Hêlîn Bozarslan'ın hazırladığı "Kapı" ve "Bîrgeh-Bellek Almanağı" (j&j Yayınları) kitaplarını karıştırıyorum. Önüme çıkan fotoğraflar ve metinler, beni 2016'da gerçekleşen darbe girişimine ve kimi hatıralara götürüyor. Birçok tanıdık mekan ve sima gözümün önünde bu hatıralarla canlanıveriyor. Mesela emek verdiğim imc tv ve Hayat Tv, çalışmaları hakkında haber yaptığım Sarmaşık Derneği ile birçok etkinliğine katıldığım Dicle Fırat Kültür Sanat Derneği. Ve diğerleri. Diğerleri, yani Diyarbakır'da faaliyet yürüten ve Kanun Hükmünde Kararnameler (KHK) ile kapısına mühür vurulan 53 sivil toplum kurumu ve basın yayın kurumu.

*

2016'da gerçekleşen darbe girişimini, babamla birlikte televizyondan izlemiştik. Üç askeri darbe görmüş babam, bir süre sonra, "Böyle darbe mi olur?" diyerek uyumaya gitmişti.
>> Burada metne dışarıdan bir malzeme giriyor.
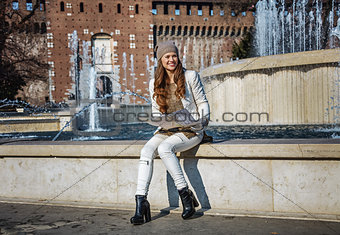 smiling woman near Sforza Castle in Milan, Italy with map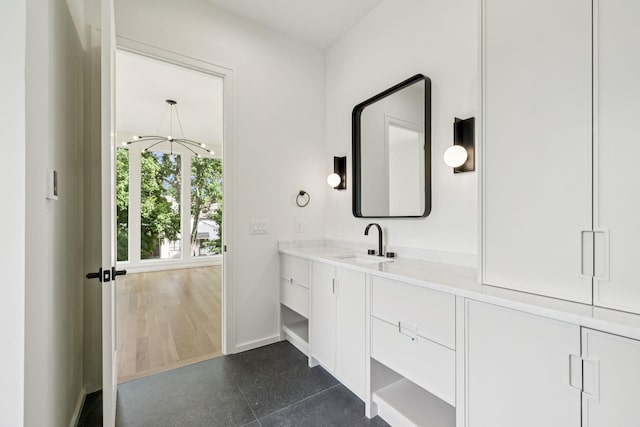 4045 Outer Dr, Nashville, TN 37204 - bathroom with a chandelier and vanity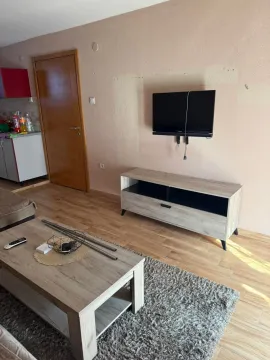 Living room with a TV unit and coffee table. - image 5
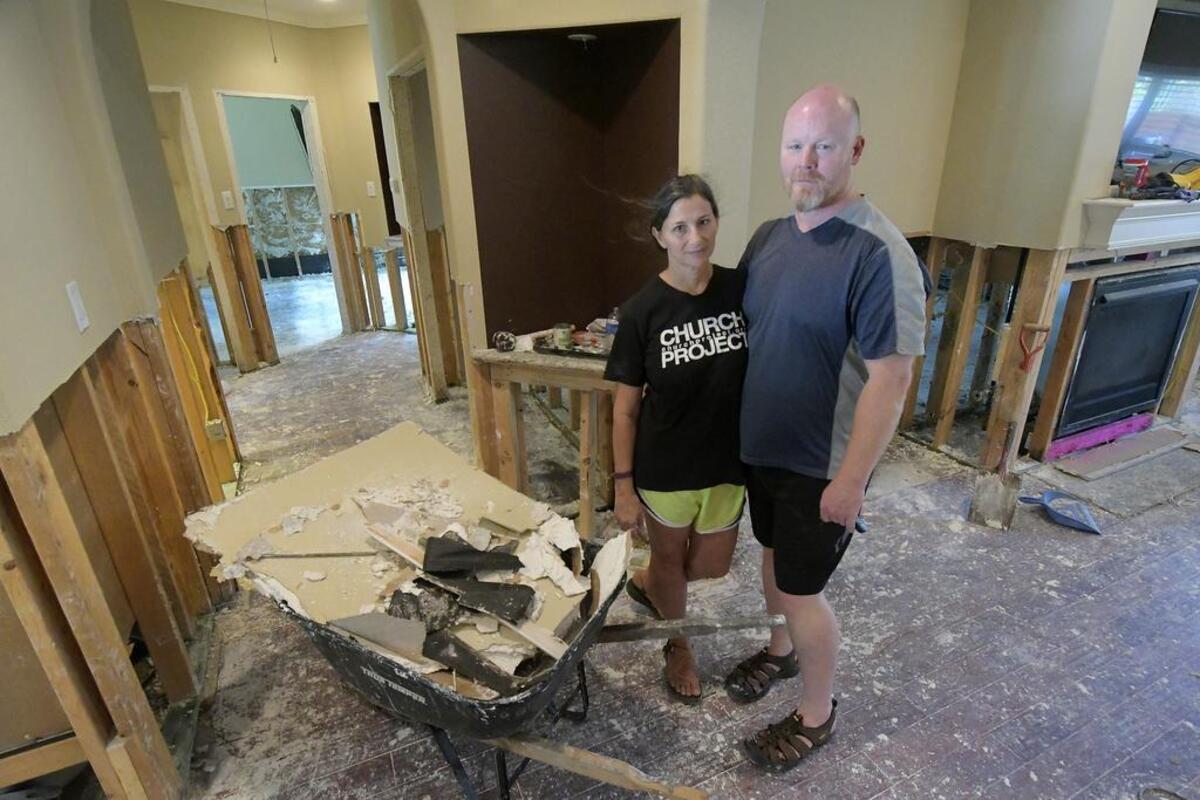 Scott Stidham and wife Nina said the flood destroyed all of their furniture and appliances in their River Plantation home in Conroe.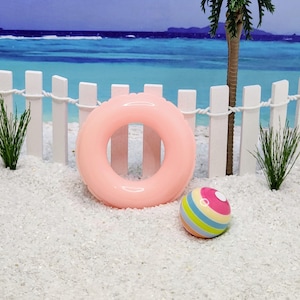 May include: A pink inflatable pool float shaped like a ring and a colorful striped beach ball on a white sandy beach.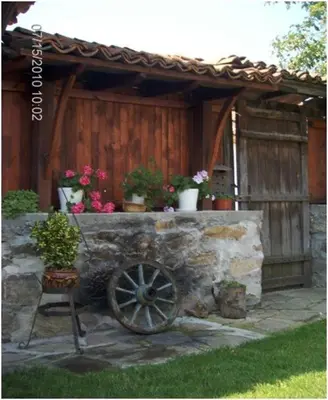 a stone wall with potted plants on top of it at Янко Кехая in Koprivshtitsa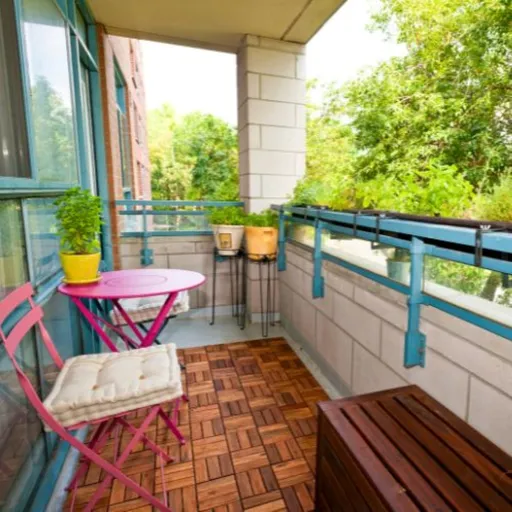 Balkon mit rosa Möbeln, Pflanzen, kleinen Bäumen und modernem Balkonboden sichtbar.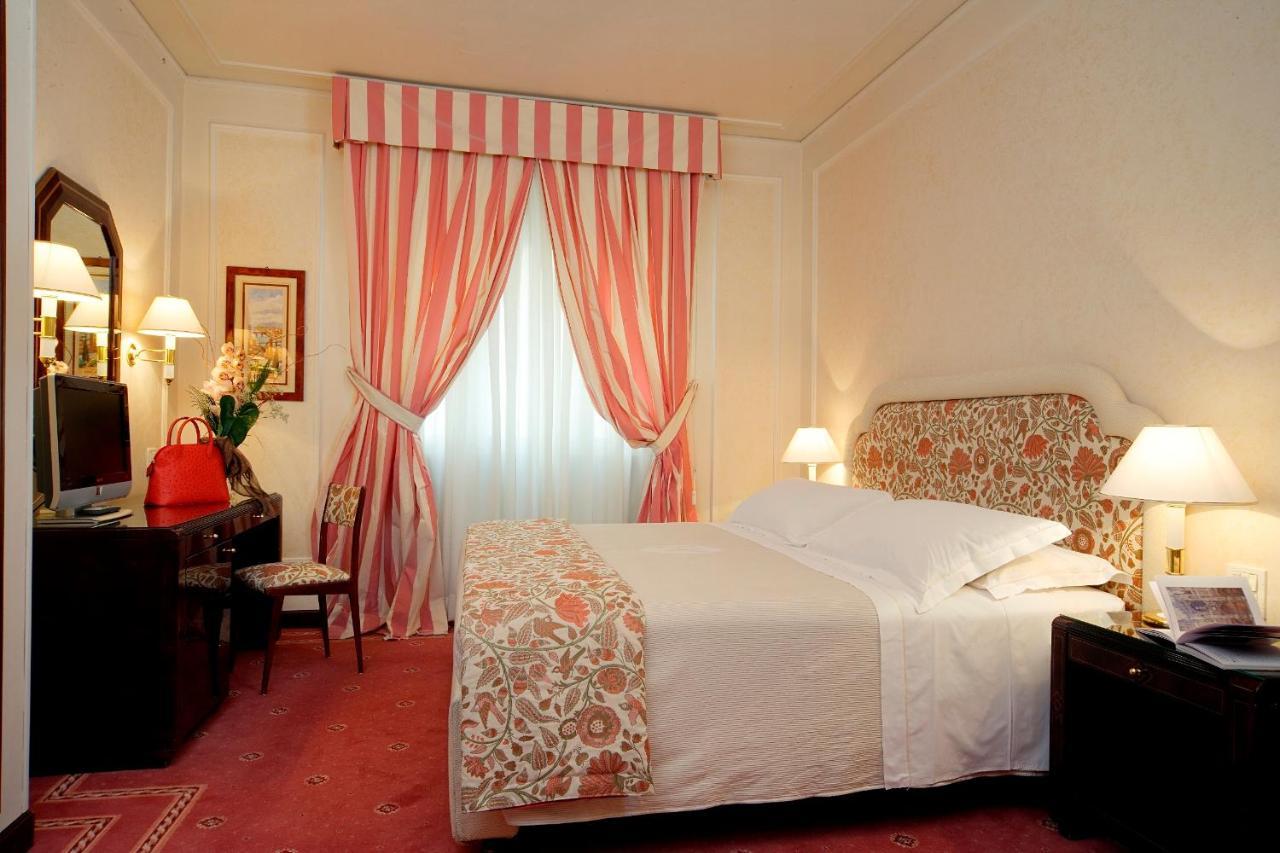 Hotel De La Ville Флоренция Номер фото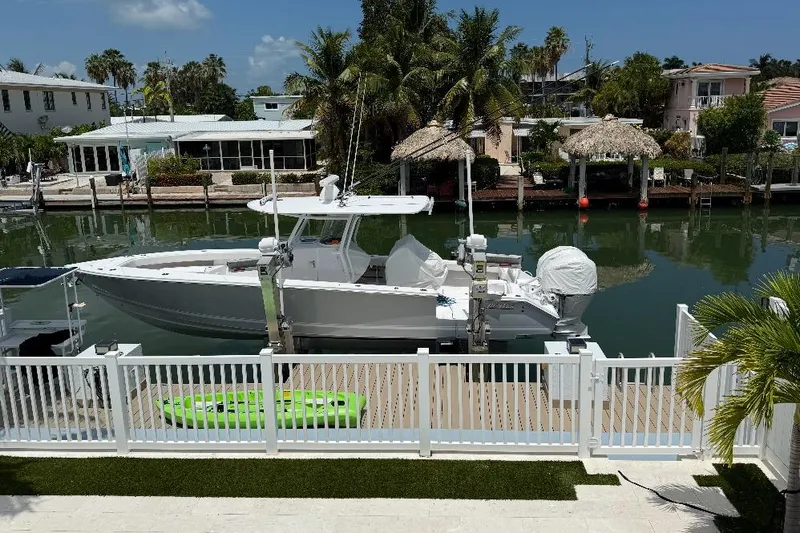  Yacht Photos Pics 2023 Jupiter 32 boat docked by waterfront homes with palm trees and clear skies.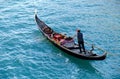 Venetian gondolier carries tourists on gondola in Venice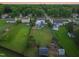 Overhead aerial view of home with inground pool, hot tub, and sprawling green backyard at 60 Consella Way, Franklinton, NC 27525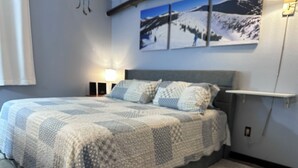 A bedroom with a bed, a nightstand, a wall-mounted shelf, and a painting of a snowy landscape.
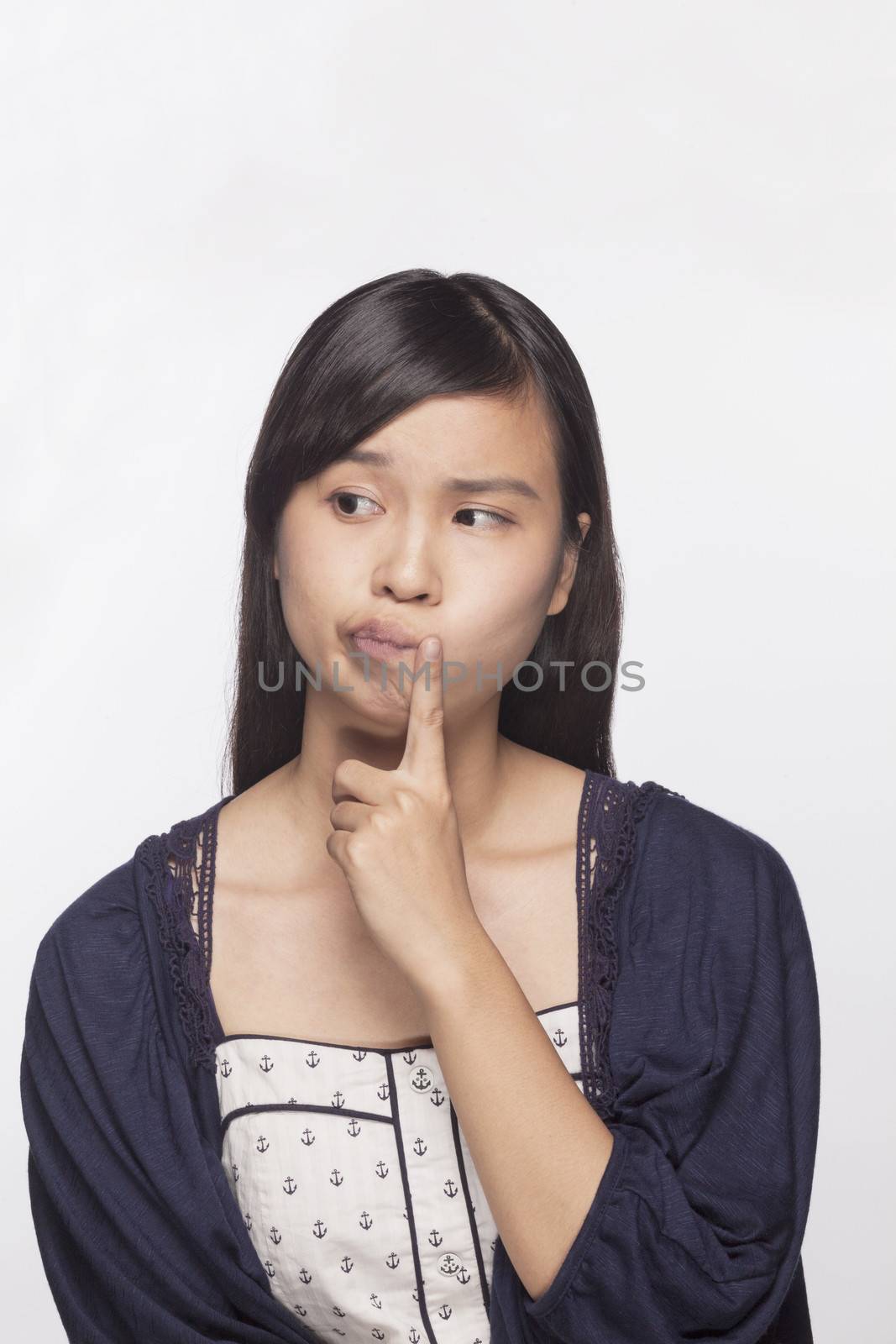 Young woman with finger to her mouth contemplating, studio shot by XiXinXing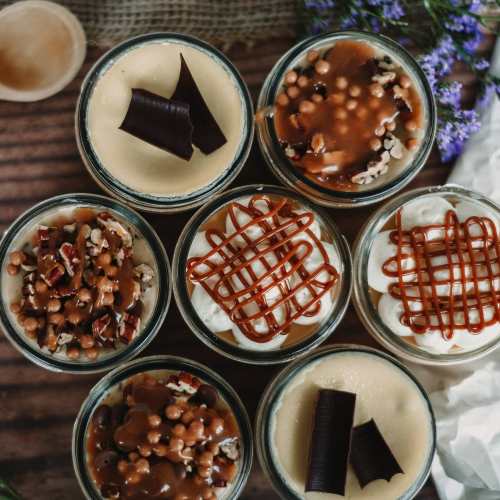 A variety of desserts in glass jars, topped with chocolate curls, caramel, nuts, and crunchy toppings.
Böyle darbe olmazdı elbette ama ortada bir belirsizlik olduğu muhakkaktı ve bu belirsizlik hali daha tehlikeli bir durumun varlığına işaret ediyordu. Özellikle 12 Eylül 1980 darbesi pratiğinden biliniyor, darbe yapanların öncelikli hedefleri arasında solcular ve Kürtler yer alıyor. Yine öyle mi olacaktı? Darbe yapmak girişiminde bulunanlardan çok solcular ve Kürtler mi darbe alacaktı?

Evet, öyle oldu.

Hükümet, "FETÖ" ismini uygun gördüğü darbe girişimini "Allah'ın bir lütfu" olarak değerlendirdi. İlan edilen Olağanüstü Hal (OHAL) ile birlikte, sadece FETÖ ile mücadele etmekle yetinmedi, bütün Türkiye'yi yeniden dizayn etme fırsatı buldu. FETÖ'nün siyasi kanadına dokunulmazken sol partiler ve oluşumlar ağır baskılara maruz kaldı. Kürtler ise katmerli bir baskıyla karşı karşıya kaldı. Kürt siyasetçilerinin bir kısmı sürgüne çıkmak durumunda kalırken diğerleri hapsedildi. Sosyal ve sanatsal faaliyet yürüten kurumların hepsinin kapılarına kilit vuruldu. OHAL darbesi en çok Kürt illerinde varlığını hissettirdi. Çünkü OHAL insanları hapse atmakla, onları açlıkla terbiye etmekle, örgütlenmenin ve ifade özgürlüğünün önünü tıkamakla yetinmedi, bir yandan da Kürtlerin belleğine müdahale etmeye çalıştı.

*

Hêlîn Bozarslan'ın "Kapı" kitabı işte bu karanlık dönemi fotoğraflarla belgeliyor. Bozarslan, faaliyetlerine KHK ile son verilmiş kurumlara gitmiş, kurumların mühürlenmiş kapılarının fotoğraflarını çekmiş. Ortaya mühürlenmiş kapıları konu alan bir fotoğraf albümü çıkarmış.

Kimi kapıların çelikten ve sağlam olduğu fark ediliyor. Kimi kapılar ise oldukça korunaksız, bir tekmeyle açılacak gibi görünüyor. Bozarslan bazı kapıların fotoğrafını çekmek için hiç zorlanmamış sanki ama bazı kapıları uzaktan, tel bariyerlerin ardından çekmek zorunda kalmış.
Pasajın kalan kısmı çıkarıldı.